Kameoka is such a place in Japan. Although the surface area is roughly the same as Amsterdam, the population density is significantly lower: 390 inhabitants per km² compared to 5.135 inhabitants per km² in Amsterdam.
Wherever you go in Kameoka, the mountains are never far and always in sight. Because Kameoka is in a basin and there are no tall skyscrapers, a broad horizon welcomes you. This gives Kameoka a rural and picturesque atmosphere.

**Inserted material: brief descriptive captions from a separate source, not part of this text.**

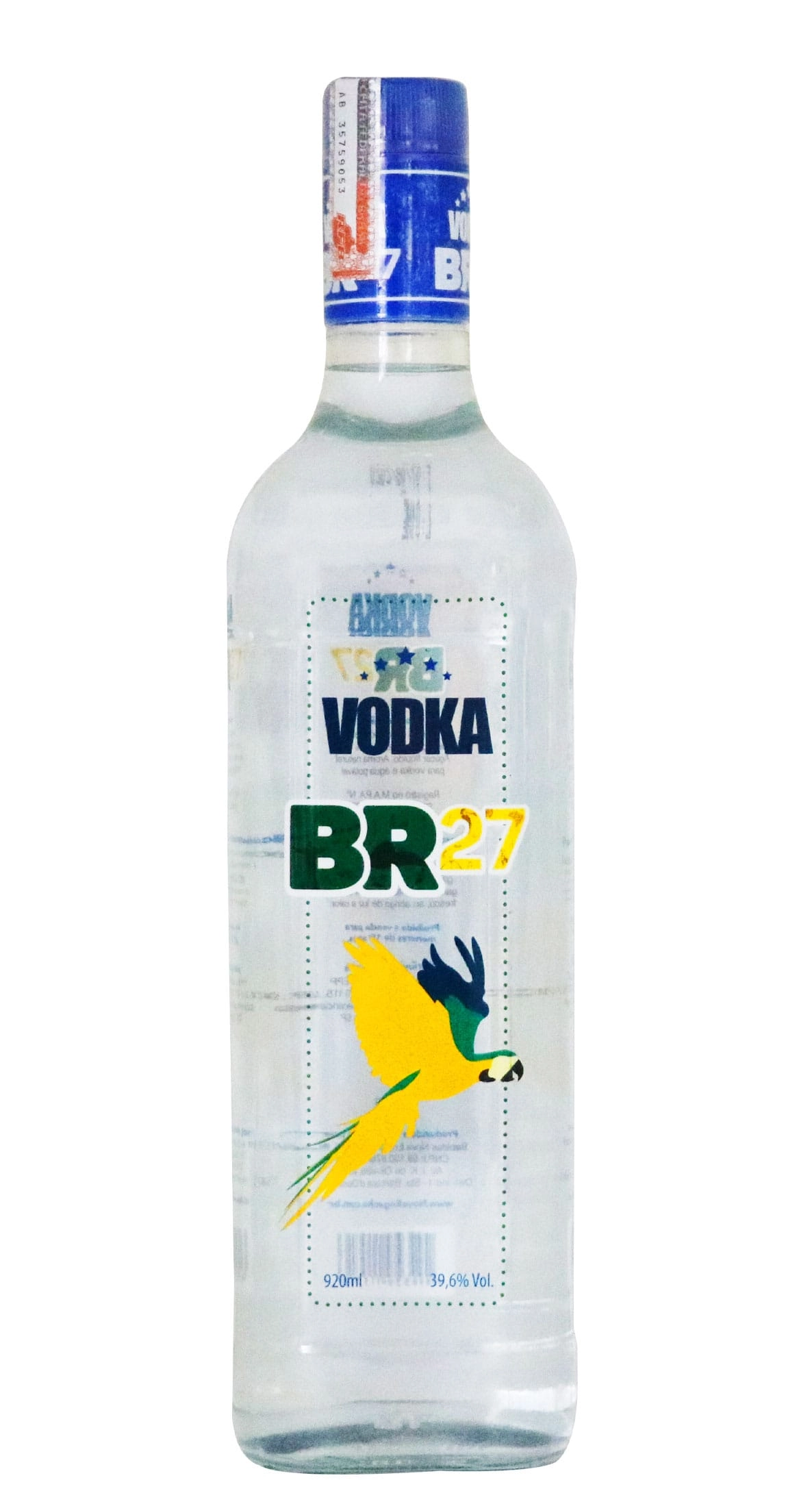 Vodka Br27 920ml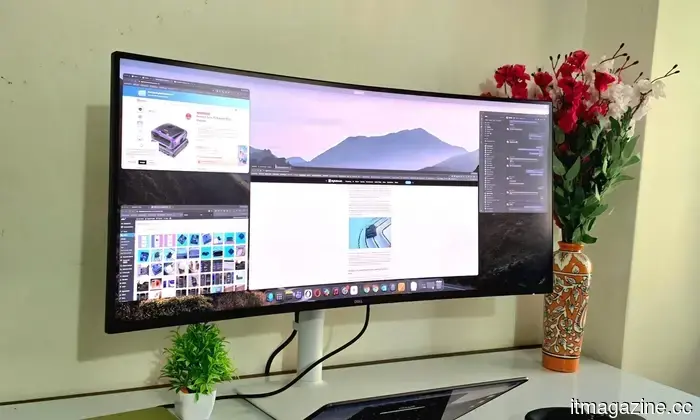 Dell 34 Plus USB-C monitor review: An ultrawide beauty with delightful surprises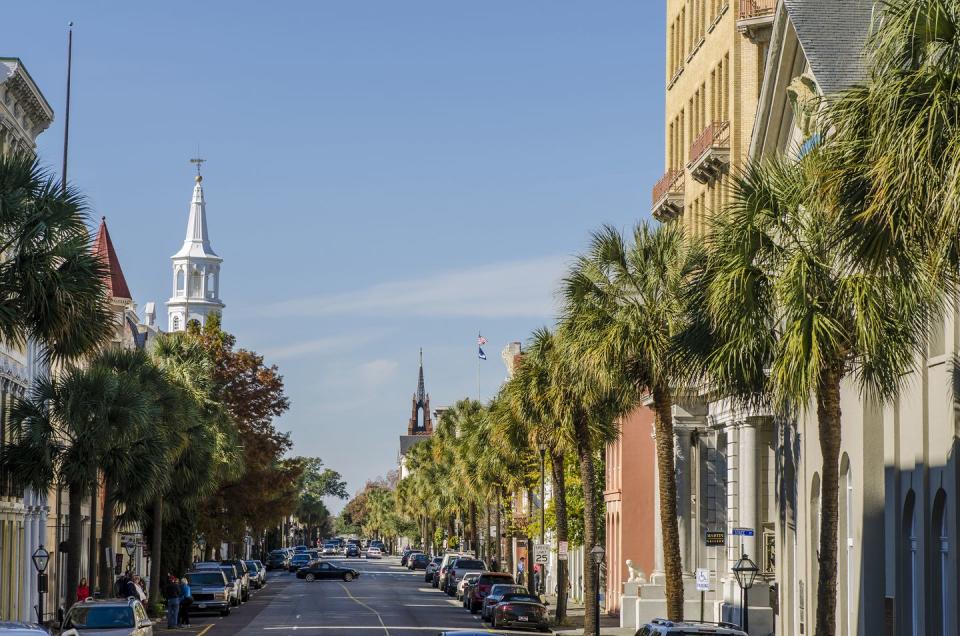 8) Charleston, South Carolina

Besides mountains, Kameoka is also full of agricultural fields. Big neighbour Kyoto, besides known for its many impressive cultural sights, is also well-known for its mouth-watering cuisine. Unknown to many is one of the keys of success to Kyoto’s world-famous cuisine: Kameoka’s high-quality produced ingredients. It is said that Kameoka is one of the foggiest places on earth, and this fog provides fertile soil and good drinking water for Kameoka’s agricultural sector.
Portrait of Anna Namikawa, 2019, from the series 'Stories from Kameoka' (Kameoka Monogatari). 18 x 24 cm, aquarel on Fabriano 200 gram cold press watercolour paper.
Anna Namikawa 並河杏奈 (b.1993)
“Many people think that there is nothing ‘fun’ or ‘interesting’ in Kameoka. But for me there is a charm to places where there seems to be nothing.”
‘’I have been in Kameoka for 26 years now. First and foremost, Kameoka is my hometown. Now it has also become the place where I work. Currently I work for the ‘H-street shopping district’ in Kameoka. The name comes from the H-shape the shops form when you look at them on a map. My job is to manage, revitalize and develop this local community.
About two years ago I got involved in a film project called ‘Kamejin’. The title of the film refers to the special name that the people of Kameoka call themselves: ‘Kamejin’. I heard this for the first time in middle school and thought it was a very original way to express identity. I kept thinking ‘I wonder if I can visualize this somehow?’. I’ve taken an interest since elementary school in drawing and creating. It is something I love to do. I decided to try drawing a picture. Suddenly the character ‘Kamejin’ was born! Kamejin means ‘Kameoka people’, describing people who are from Kameoka and living in Kameoka. My character is a small cheerful turtle figure and a Japanese wordplay on the term ‘Kamejin’ combining the words kame (turtle) and jin (person).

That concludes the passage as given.